▶ TASK DETAILS
Restate, exactly and without pictures, the lines from the start of the listing below through the line holding "Asya Kazak açık".

[Opening ENTRIES PROVIDED section]

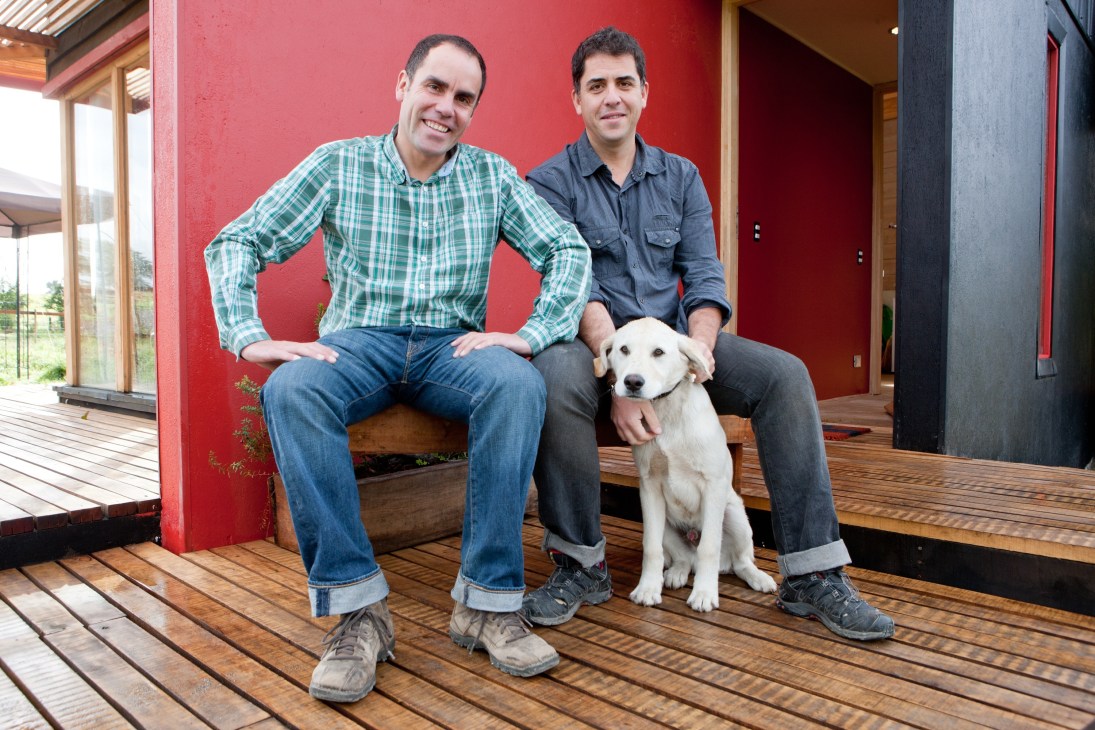 Two men sitting on a wooden deck with a white dog, against a red wall in a modern home interior.
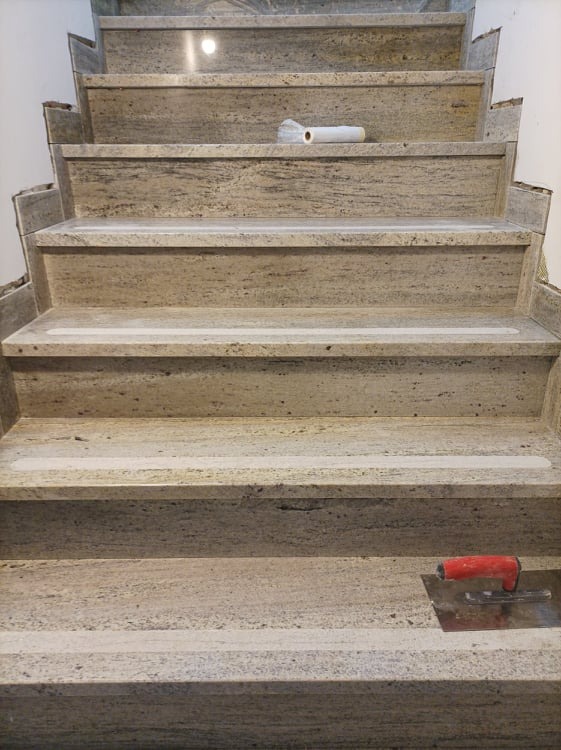 Kamienne schody w trakcie montażu, widoczne narzędzie glazurnicze i rolka folii zabezpieczającej.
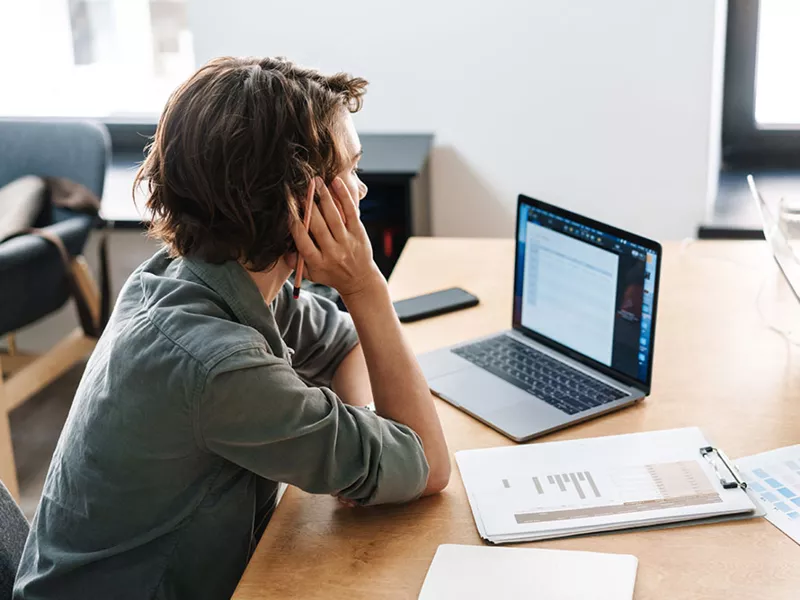 young person looking at a laptop screen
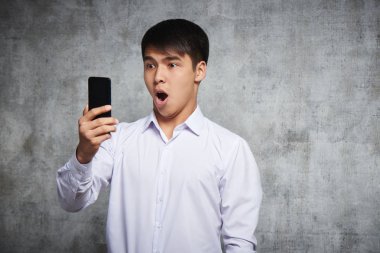 Asya Kazak açık ağız ile şaşırttı akıllı telefon bakar, o telefonda gördükleri ile şok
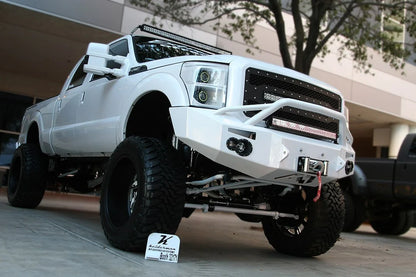 Fab Fours Premium Heavy Duty winch front bumper with pre-runner guard in white on a white Ford Super Duty outdoors, front passenger-side three-quarter view, showing the pre-runner hoop, winch and integrated lights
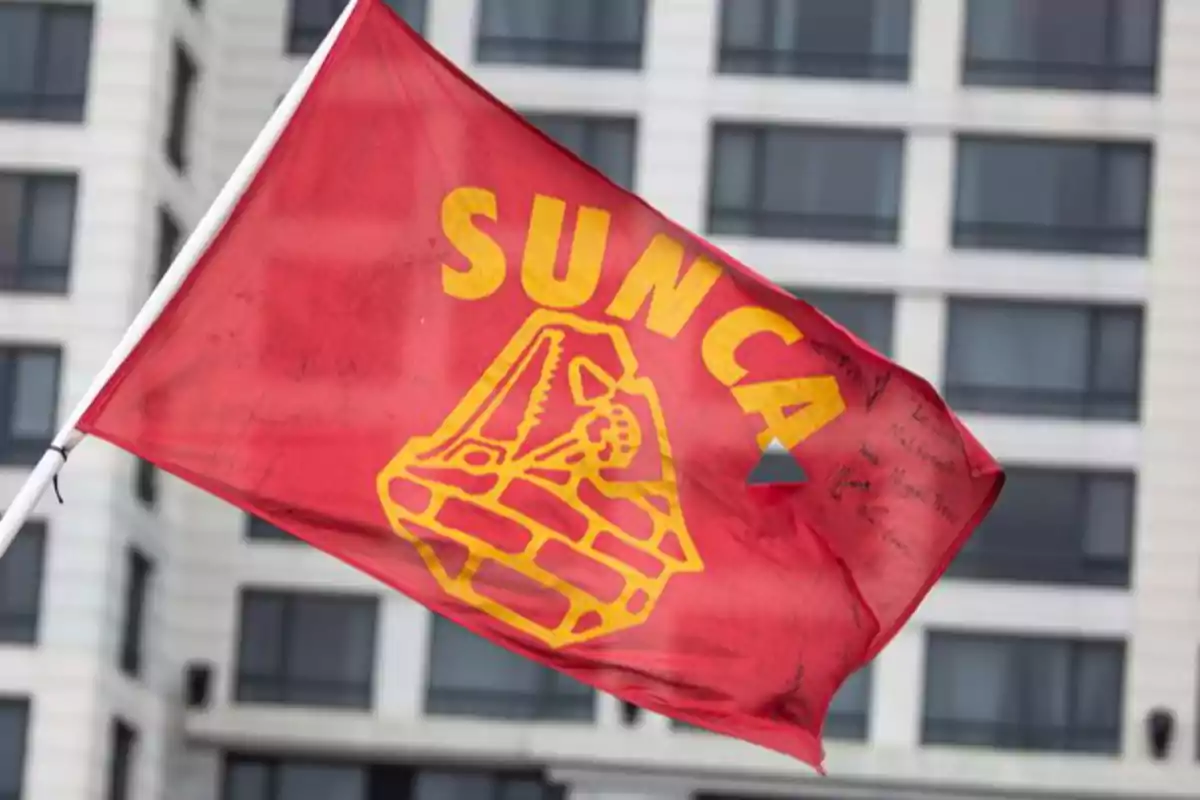 Bandera roja con el logo amarillo del sindicato SUNCA ondeando frente a un edificio moderno Bandera roja con el logo amarillo del sindicato SUNCA ondeando frente a un edificio moderno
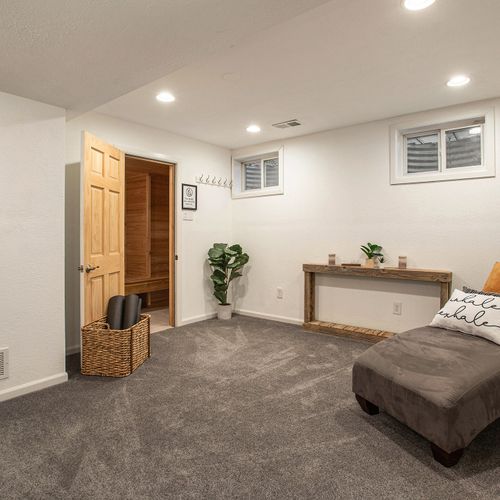 Escape to the finished basement of this home for some rest and relaxation in the yoga room or sauna.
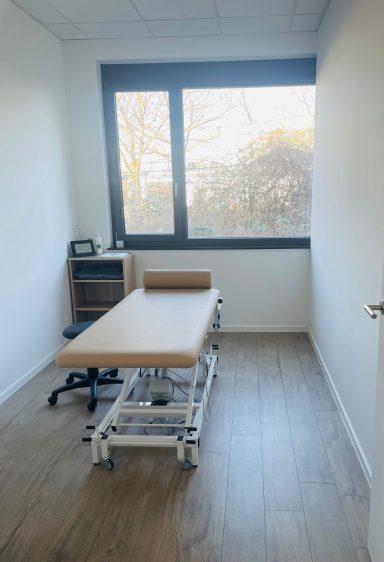 Behandlungszimmer Behandlungsraum mit einer Liege, einem Stuhl und einem Fenster mit Blick ins Freie.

[Closing ENTRIES PROVIDED section]

▶ TASK RESULT
 Two men sitting on a wooden deck with a white dog, against a red wall in a modern home interior.
 Kamienne schody w trakcie montażu, widoczne narzędzie glazurnicze i rolka folii zabezpieczającej.
 young person looking at a laptop screen
 Asya Kazak açık ağız ile şaşırttı akıllı telefon bakar, o telefonda gördükleri ile şok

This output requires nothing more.